### ABOUT THIS TASK
The records that follow are to be transcribed in full, without their images.

(Source data)
▽
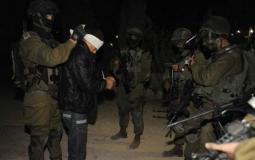 جنود الاحتلال يعتقلون مواطناً فلسطينياً من الضفة الغربية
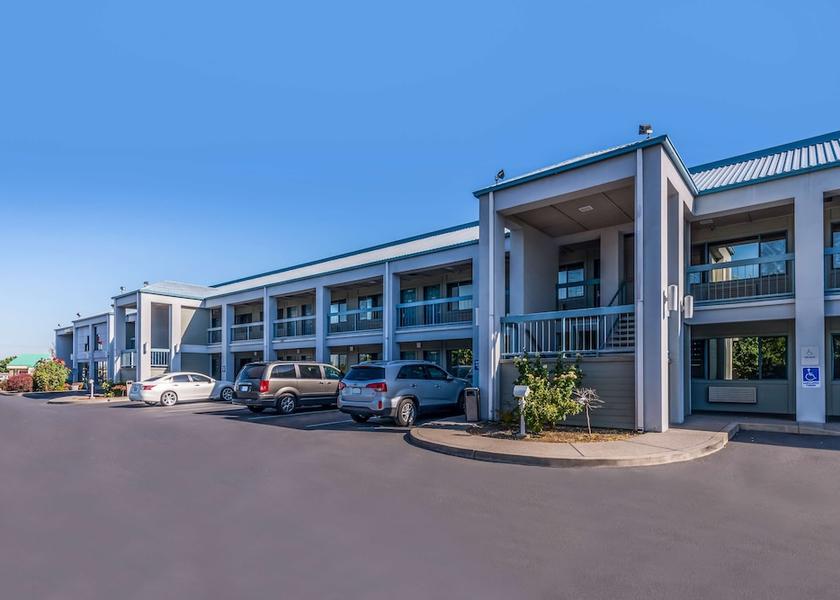 Oregon Phoenix Exterior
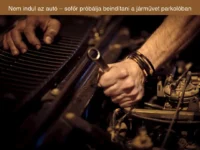 Nem indul az autó – sofőr próbálja beindítani a járművet parkolóban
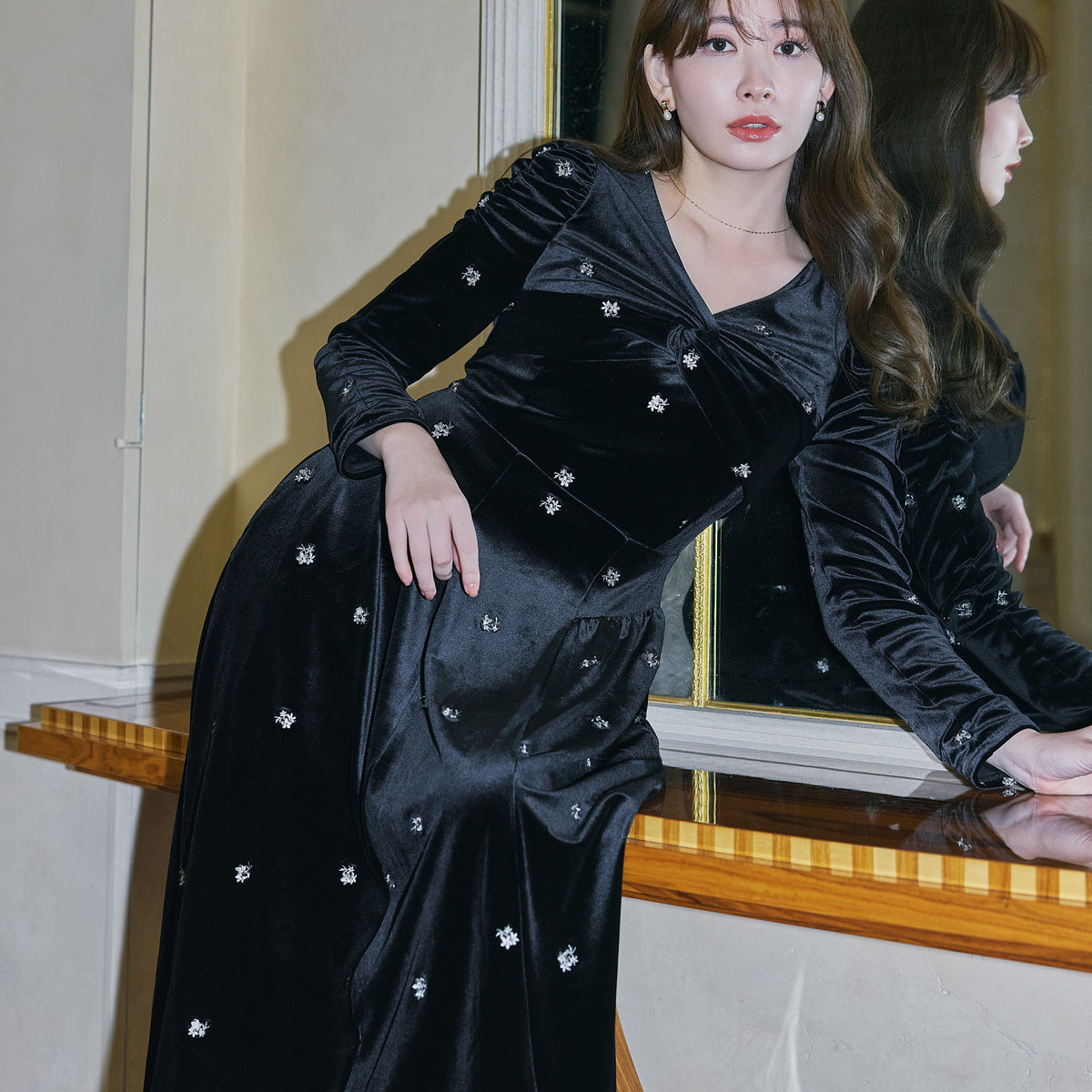 ワンピース Belmont Floral Velour Dress herlipto Belmont Floral Velour Dress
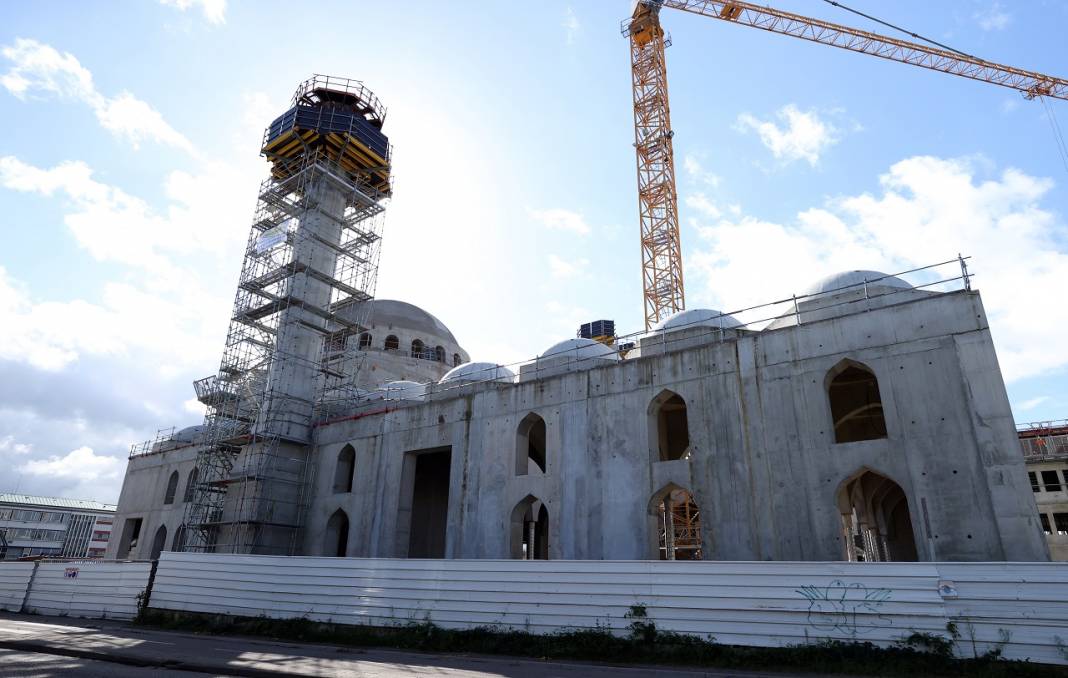 Fransa'da yapımı devam eden, Avrupa'nın en büyük camisine tehdit mektubu 6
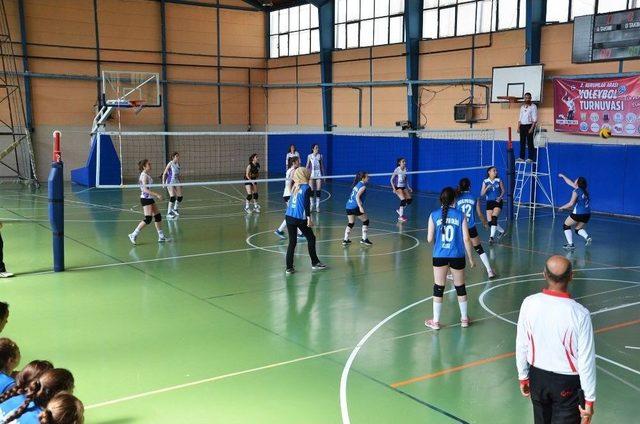 Bozüyük Belediyesi İdman Yurdu Spor Voleybol Takımı Kupaları Topladı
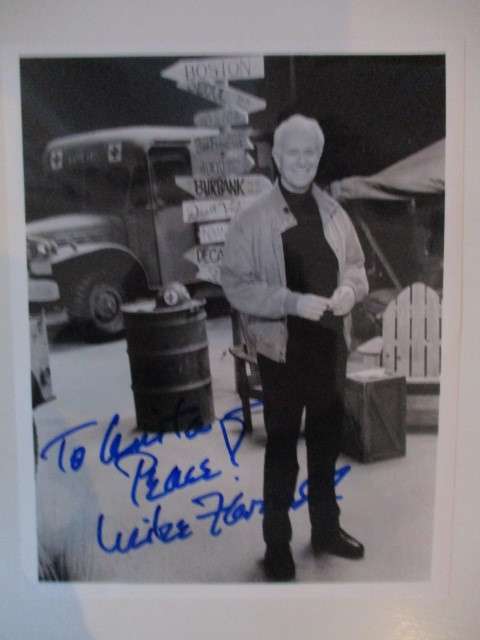 AUTOGRAPHED / SIGNED - MIKE FARRELL - FROM M.A.S.H  A4 SIZE AND NOTE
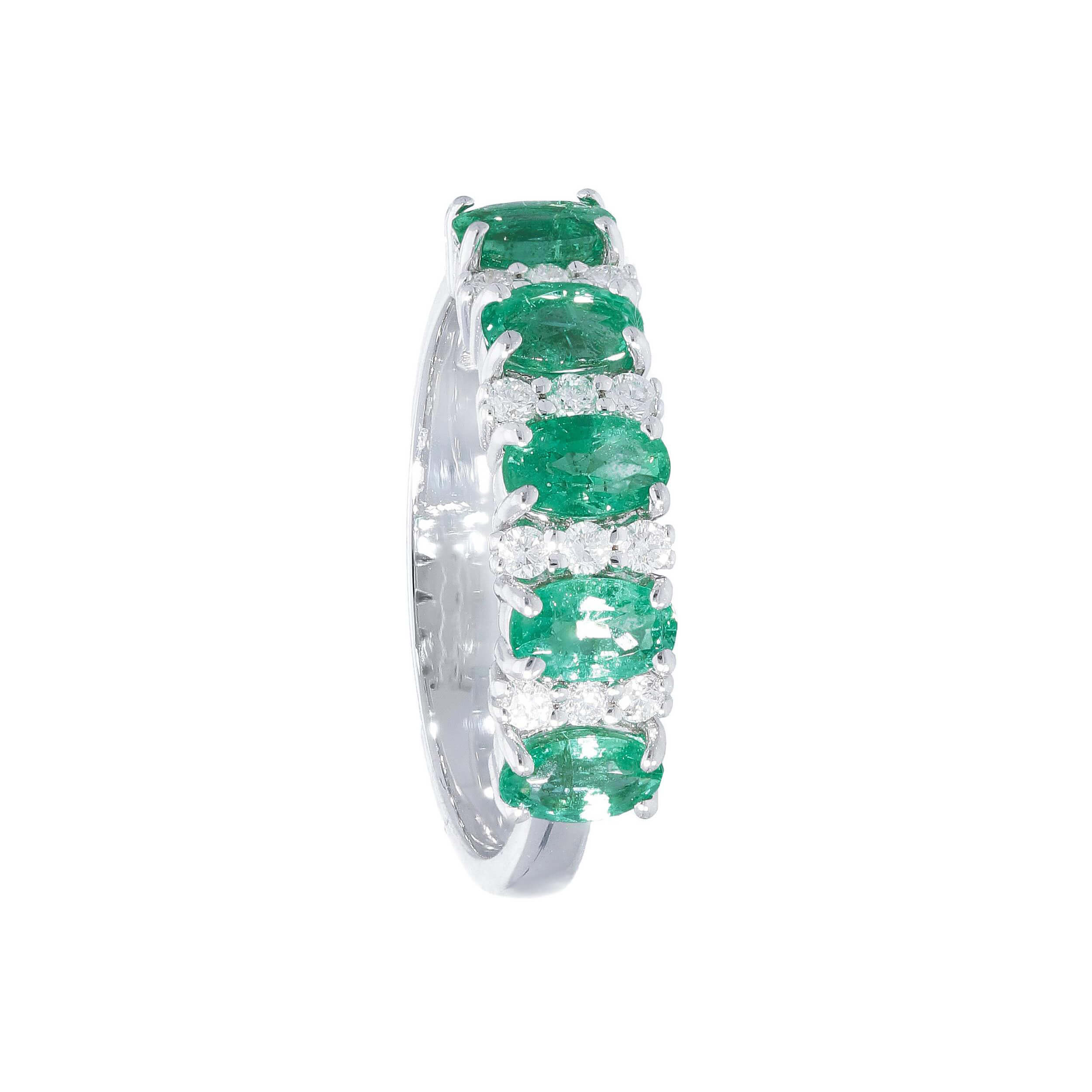 Emerald ring diamonds white gold 750% art. 243160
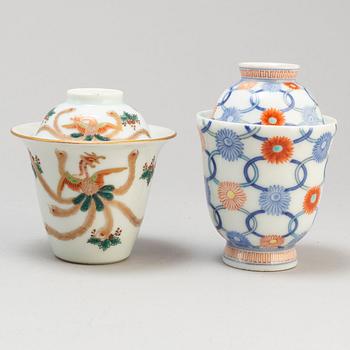 Two sets of 17+12 cups with covers (19+17), Japan, early 20th century.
△
### SOLUTION BELOW
 جنود الاحتلال يعتقلون مواطناً فلسطينياً من الضفة الغربية
 Oregon Phoenix Exterior
 Nem indul az autó – sofőr próbálja beindítani a járművet parkolóban
 ワンピース Belmont Floral Velour Dress herlipto Belmont Floral Velour Dress
 Fransa'da yapımı devam eden, Avrupa'nın en büyük camisine tehdit mektubu 6
 Bozüyük Belediyesi İdman Yurdu Spor Voleybol Takımı Kupaları Topladı
 AUTOGRAPHED / SIGNED - MIKE FARRELL - FROM M.A.S.H  A4 SIZE AND NOTE
 Emerald ring diamonds white gold 750% art. 243160
 Two sets of 17+12 cups with covers (19+17), Japan, early 20th century.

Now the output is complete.